* **How to complete this task**: Find the line containing "Before the immersion, devotees". Retype it and every later line of the records exactly, leaving out pictures.

* **Dataset entries**:

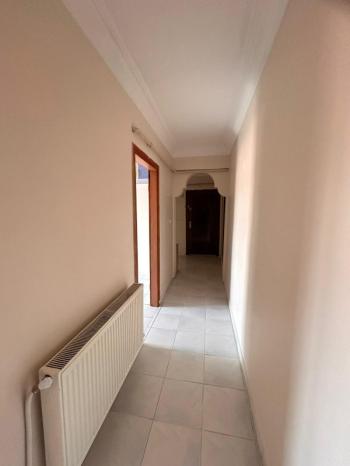 AFYON ÜÇOK EMLAKTAN KANLICA MAHALLESİNDE 3+1  125M² TEMİZ BAKIMLI KİRALIK DAİRE 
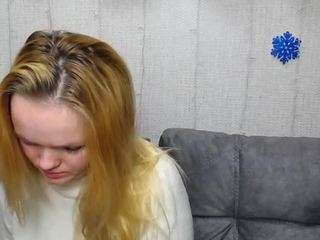 KseniaHopes nude and sexy before cam for live chat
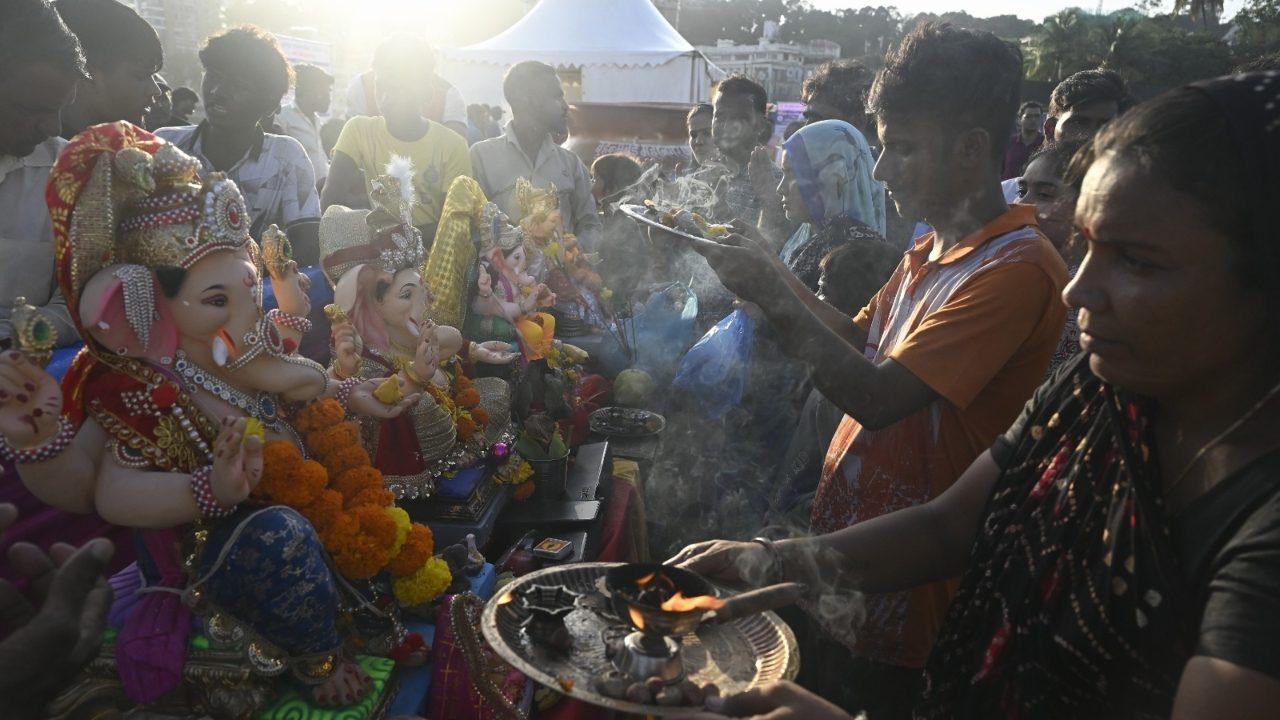 Before the immersion, devotees performed the final aarti and offered flowers, sweets and prayers to Lord Ganesha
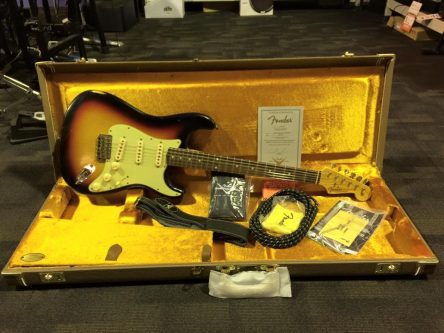 Fender Custom Shop 1960 Stratocaster Relic, 3 Tone Sunburst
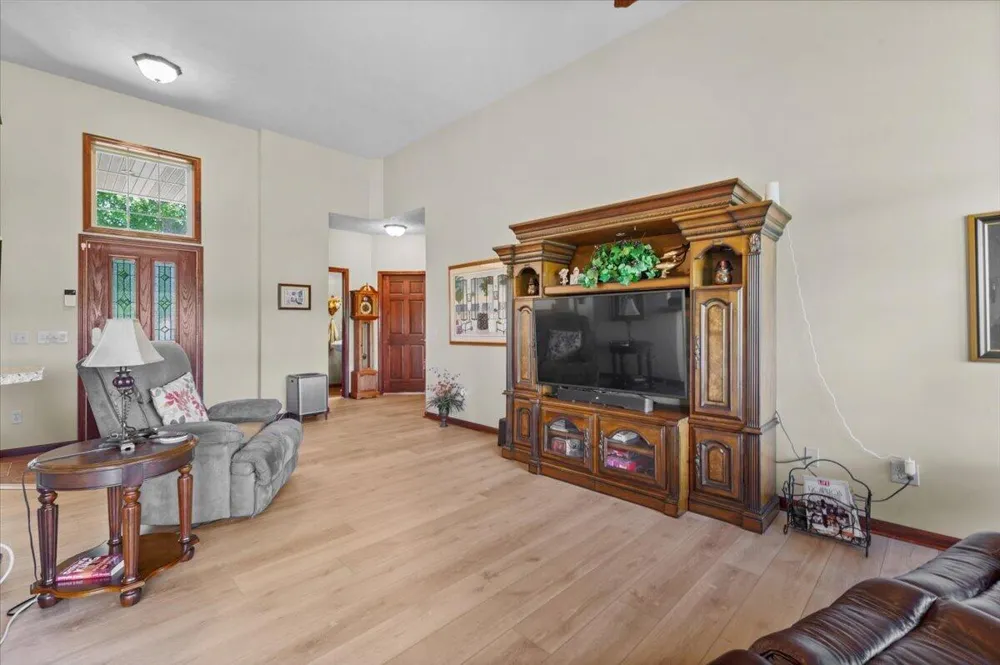 9482 Stonebridge Canadian Lakes, MI 49346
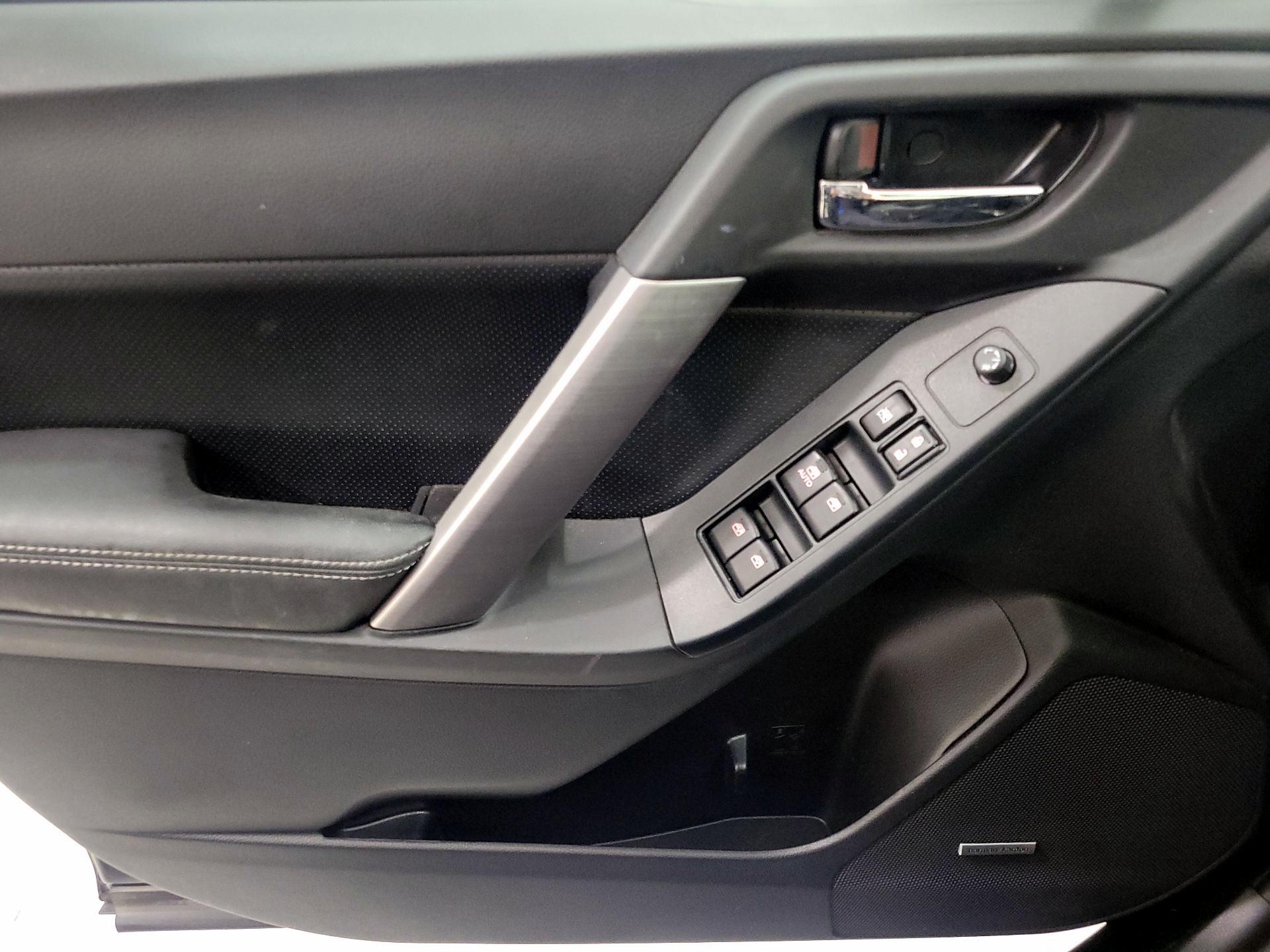 Thumbnail: 2015 Subaru Forester - 12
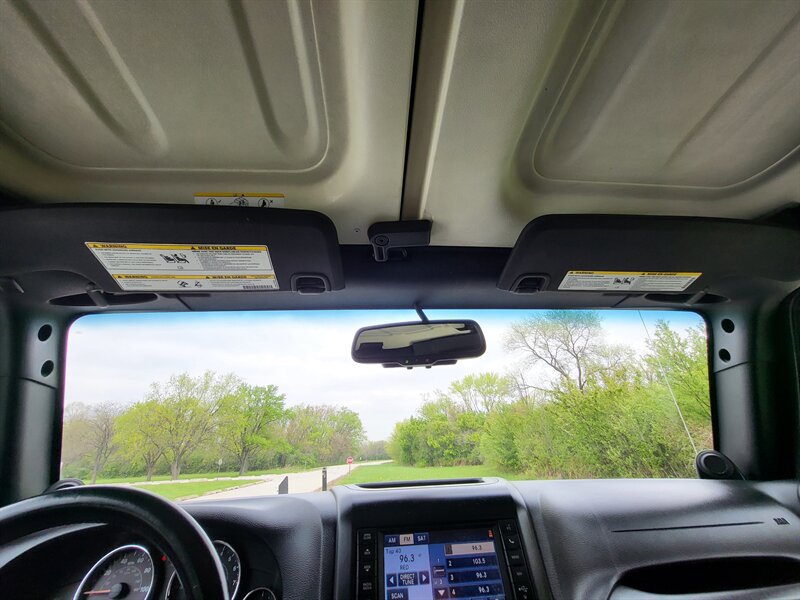 Used 2014 Jeep Wrangler Unlimited Sahara w/ Dual Top Group AWD/4WD image 23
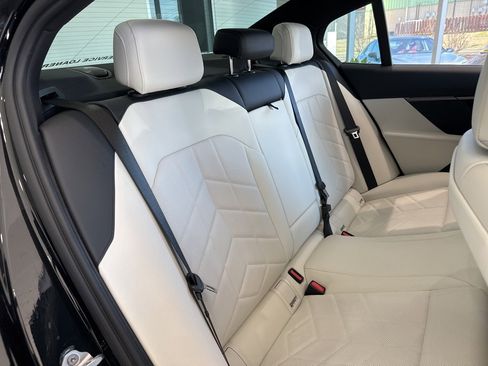 Used 2025 BMW 530i xDrive w/ Premium Package image 44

* **Output below**:
 Before the immersion, devotees performed the final aarti and offered flowers, sweets and prayers to Lord Ganesha
 Fender Custom Shop 1960 Stratocaster Relic, 3 Tone Sunburst
 9482 Stonebridge Canadian Lakes, MI 49346
 Thumbnail: 2015 Subaru Forester - 12
 Used 2014 Jeep Wrangler Unlimited Sahara w/ Dual Top Group AWD/4WD image 23
 Used 2025 BMW 530i xDrive w/ Premium Package image 44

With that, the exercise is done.